Çevrenin nötralize edilmemiş domuz dışkısı ile kontaminasyondan korunması; domuzlara bakarken sıhhi ve hijyenik kurallara uyulması, balantidiazisli hastaların zamanında tanımlanması ve tedavisi.

V.G. Khamtsov; E. A. Pavlova (biol.), I. A. Chalisov (morf.).

Balantidiasis, domuzlardan insanlara bulaşan siliatların neden olduğu bulaşıcı bir hastalıktır. Çok acı vericidir ve hatta ölümcül olabilir. Kolonda pürülan ülser oluşumu ve vücudun genel zehirlenmesi vardır.

Dağıtım yerleri ve oluşum nedenleri

patogenez

Balantidia, ince bağırsağın alt kısımlarında ve ayrıca çekum, sigmoid ve rektumda, çoğu bağırsak kıvrım yerlerinde yoğunlaşır.

Belirtiler

Balantidiazisin ana semptomları, şiddetli kolit ile birlikte zehirlenme belirtileridir.
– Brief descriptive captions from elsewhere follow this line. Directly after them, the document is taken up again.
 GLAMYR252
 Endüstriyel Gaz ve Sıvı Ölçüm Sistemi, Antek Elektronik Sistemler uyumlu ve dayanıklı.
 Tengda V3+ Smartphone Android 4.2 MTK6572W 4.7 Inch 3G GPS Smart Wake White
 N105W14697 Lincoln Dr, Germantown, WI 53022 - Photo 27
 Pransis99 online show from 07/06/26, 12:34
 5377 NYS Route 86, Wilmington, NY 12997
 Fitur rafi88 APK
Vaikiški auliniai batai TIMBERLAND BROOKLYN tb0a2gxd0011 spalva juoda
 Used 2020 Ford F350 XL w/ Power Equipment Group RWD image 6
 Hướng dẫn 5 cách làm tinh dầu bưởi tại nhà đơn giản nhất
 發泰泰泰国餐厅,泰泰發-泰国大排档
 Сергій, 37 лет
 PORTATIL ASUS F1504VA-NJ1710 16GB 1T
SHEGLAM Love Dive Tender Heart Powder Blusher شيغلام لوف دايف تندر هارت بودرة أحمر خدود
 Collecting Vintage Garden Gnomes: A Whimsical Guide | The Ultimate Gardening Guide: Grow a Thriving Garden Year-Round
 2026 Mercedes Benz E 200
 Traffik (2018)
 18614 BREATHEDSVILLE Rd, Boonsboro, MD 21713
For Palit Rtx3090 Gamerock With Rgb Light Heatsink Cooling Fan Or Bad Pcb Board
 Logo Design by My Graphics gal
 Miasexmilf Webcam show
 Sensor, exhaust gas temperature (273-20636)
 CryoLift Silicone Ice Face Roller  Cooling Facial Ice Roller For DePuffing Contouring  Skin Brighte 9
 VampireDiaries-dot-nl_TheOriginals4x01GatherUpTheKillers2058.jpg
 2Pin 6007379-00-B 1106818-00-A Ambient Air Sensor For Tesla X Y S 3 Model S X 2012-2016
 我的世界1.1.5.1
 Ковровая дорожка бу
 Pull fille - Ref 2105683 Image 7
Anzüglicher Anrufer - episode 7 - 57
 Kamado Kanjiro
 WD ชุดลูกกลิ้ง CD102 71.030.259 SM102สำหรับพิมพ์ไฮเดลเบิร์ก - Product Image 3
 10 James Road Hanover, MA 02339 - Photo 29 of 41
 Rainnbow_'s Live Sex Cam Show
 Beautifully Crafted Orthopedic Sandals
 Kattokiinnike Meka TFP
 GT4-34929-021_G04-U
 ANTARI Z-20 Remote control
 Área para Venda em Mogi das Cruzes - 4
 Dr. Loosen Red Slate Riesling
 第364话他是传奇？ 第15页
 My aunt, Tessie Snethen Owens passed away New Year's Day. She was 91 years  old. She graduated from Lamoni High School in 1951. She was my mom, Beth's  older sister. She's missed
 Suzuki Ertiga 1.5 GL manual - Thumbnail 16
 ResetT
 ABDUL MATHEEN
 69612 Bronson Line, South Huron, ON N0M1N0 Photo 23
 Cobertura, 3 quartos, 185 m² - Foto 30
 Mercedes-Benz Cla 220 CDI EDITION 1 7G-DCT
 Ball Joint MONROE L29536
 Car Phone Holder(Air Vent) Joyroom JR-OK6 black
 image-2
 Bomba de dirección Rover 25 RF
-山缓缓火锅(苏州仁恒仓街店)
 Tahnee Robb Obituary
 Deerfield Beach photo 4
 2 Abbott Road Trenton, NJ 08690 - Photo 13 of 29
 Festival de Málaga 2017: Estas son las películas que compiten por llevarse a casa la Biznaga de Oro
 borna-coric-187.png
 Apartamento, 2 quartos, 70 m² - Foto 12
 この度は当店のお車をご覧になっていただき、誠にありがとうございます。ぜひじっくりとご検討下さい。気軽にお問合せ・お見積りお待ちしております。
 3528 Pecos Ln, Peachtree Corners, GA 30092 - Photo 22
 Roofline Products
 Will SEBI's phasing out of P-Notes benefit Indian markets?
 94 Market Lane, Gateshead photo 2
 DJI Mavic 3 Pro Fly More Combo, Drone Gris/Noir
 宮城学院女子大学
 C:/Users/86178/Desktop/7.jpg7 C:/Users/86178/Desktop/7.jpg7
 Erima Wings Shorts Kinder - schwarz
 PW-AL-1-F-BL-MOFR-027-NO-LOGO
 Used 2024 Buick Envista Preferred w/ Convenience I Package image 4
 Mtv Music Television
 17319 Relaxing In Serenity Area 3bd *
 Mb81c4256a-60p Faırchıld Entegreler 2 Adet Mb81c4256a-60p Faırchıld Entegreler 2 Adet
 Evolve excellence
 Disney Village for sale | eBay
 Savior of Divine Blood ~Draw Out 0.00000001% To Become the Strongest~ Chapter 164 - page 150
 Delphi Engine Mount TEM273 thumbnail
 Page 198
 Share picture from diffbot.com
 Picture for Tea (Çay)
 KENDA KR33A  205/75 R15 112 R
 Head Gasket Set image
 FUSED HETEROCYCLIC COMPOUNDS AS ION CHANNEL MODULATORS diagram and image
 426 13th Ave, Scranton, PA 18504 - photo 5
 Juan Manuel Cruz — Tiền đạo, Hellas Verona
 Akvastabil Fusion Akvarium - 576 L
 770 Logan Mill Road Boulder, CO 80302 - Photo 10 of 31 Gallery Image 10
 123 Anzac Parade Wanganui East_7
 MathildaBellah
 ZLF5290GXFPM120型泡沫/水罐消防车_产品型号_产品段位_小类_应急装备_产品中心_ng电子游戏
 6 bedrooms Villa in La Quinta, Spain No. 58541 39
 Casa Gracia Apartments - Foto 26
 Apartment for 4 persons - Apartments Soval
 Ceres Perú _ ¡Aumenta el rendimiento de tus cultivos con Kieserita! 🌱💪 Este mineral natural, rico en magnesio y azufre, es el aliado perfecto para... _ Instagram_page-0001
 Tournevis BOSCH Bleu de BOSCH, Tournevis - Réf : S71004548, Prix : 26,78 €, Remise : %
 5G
Ayrıca genellikle ishal, dilin astarlanması ve kuruluğu ve ardından vücudun genel tükenmesi konusunda endişelenir. Ek olarak, bir kişi herhangi bir belirti olmaksızın hastalığın taşıyıcısı olabilir.

Hastalık akut veya kronik olabilir. Buna karşılık, akut form: semptomların ciddiyetine bağlı olarak hafif, orta veya şiddetli.

  1. Hafif bir formla, bir kişi hızla bağışıklık sisteminin artan işleyişinin belirtilerini göstermeye başlar: gün boyunca büyük ölçüde değişen ateş, titreme, yüksek sıcaklık.
  2. Orta derecede semptomlar şiddetli baş ağrısı, mide bulantısı ve kusmayı içerir. Bu durumda hasta karın boyunca şiddetli ağrı hisseder, tenesmus mümkündür. Kanlı safsızlıklar ve irin ile şiddetli ishal var. Karaciğer büyümüştür.
  3. Hastalığın şiddetli seyri ile, bağırsakların geniş ülseratif lezyonları, şiddetli ateş ve günde 20 defaya kadar kan ve cüruflu bir koku ile dışkı vardır. Tüm bu semptomlar nedeniyle hasta zayıflık geliştirir, hızla kilo kaybeder.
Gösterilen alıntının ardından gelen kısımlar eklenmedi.